Simborg argues that the BFI Sheet's reference to a "Blanket Building/Contents Limit" contradicts a Statement of Value's purpose as supplementing a scheduled limit of liability policy. Simborg cites the following definition of blanket limit:
A single limit of insurance that applies over more than one location or more than one category of property coverage, or both. This is in contrast to specific or scheduled limits of insurance, which are separate limits that apply to each type of property at each location.
International Risk Management Institute, Inc.'s Glossary of Insurance and Risk Management Terms. In Simborg's view, the term "Blanket Building/Contents Limit" indicates that the document was to be used in establishing a blanket liability policy. According to Axis, the "Blanket Building/Contents Limit" term indicates that the limit of insurance for a particular location is a blanket value consisting of the building replacement cost plus the value of the building's contents. This is indeed a "single limit of insurance that applies over . more than one category of property coverage," and is thus consistent with the definition of blanket limit advanced by Simborg. Furthermore, "Blanket Building/Contents Limit" appears as the heading to a column on the BFI Sheet that includes the sum of the building and contents values for each of the fifty four Simborg properties. Therefore, the term does indeed serve the purpose of establishing the total value of an individual property, and does not in any way indicate that the BFI Sheet was to be used in seeking a blanket liability policy.

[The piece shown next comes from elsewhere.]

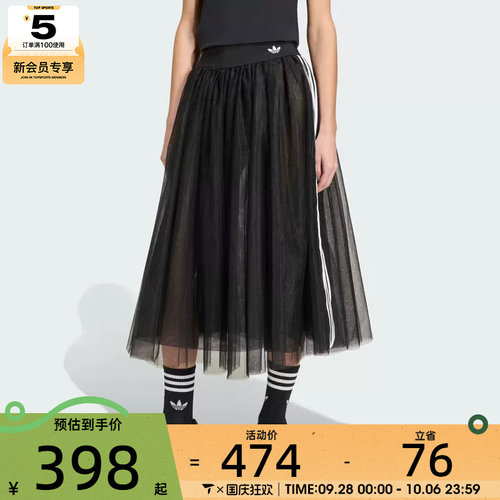 adidas阿迪达斯三叶草女子时尚优雅运动休闲半身裙KS6563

Simborg also argues that the "usual and customary practice" is for a Statement of Values to be reviewed and signed by the policyholder. However, Simborg did indeed review the document, as Mitchell Simborg, the President of Simborg, was himself responsible for compiling the document. Furthermore, the Axis Policy only requires that the SOV be "on file," and this condition was satisfied. Although an Axis underwriter testified that the most recent version of a policyholder's Statement of Values is typically marked "binding," the dispute here does not center on which version of the BFI Sheet was controlling, but rather whether the BFI Sheet was on file with the company at all. Furthermore, the underwriter never testified that a Statement of values must be marked "binding" to be considered properly on file. Therefore, there is no triable issue of fact as to whether the BFI Sheet is the Statement of Values to which the Axis Endorsement refers.
Because the Axis Endorsement establishes a scheduled limit of liability policy, Simborg is entitled to no recovery in this case. Simborg's motion for summary judgment on Count I is consequently DENIED and Axis's motion for judgment in its favor on its Complaint for Declaratory Judgment is GRANTED.
B. Simborg's Remaining Claims
Because Simborg was not entitled to recovery on the Axis Policy, its motion for summary judgment on Count II is DENIED as moot.
For the foregoing reasons, Axis's motion for judgment in its favor on its Complaint for Declaratory Judgment is GRANTED. Simborg's motion for summary judgment on Counts I and II of its Counterclaim is DENIED.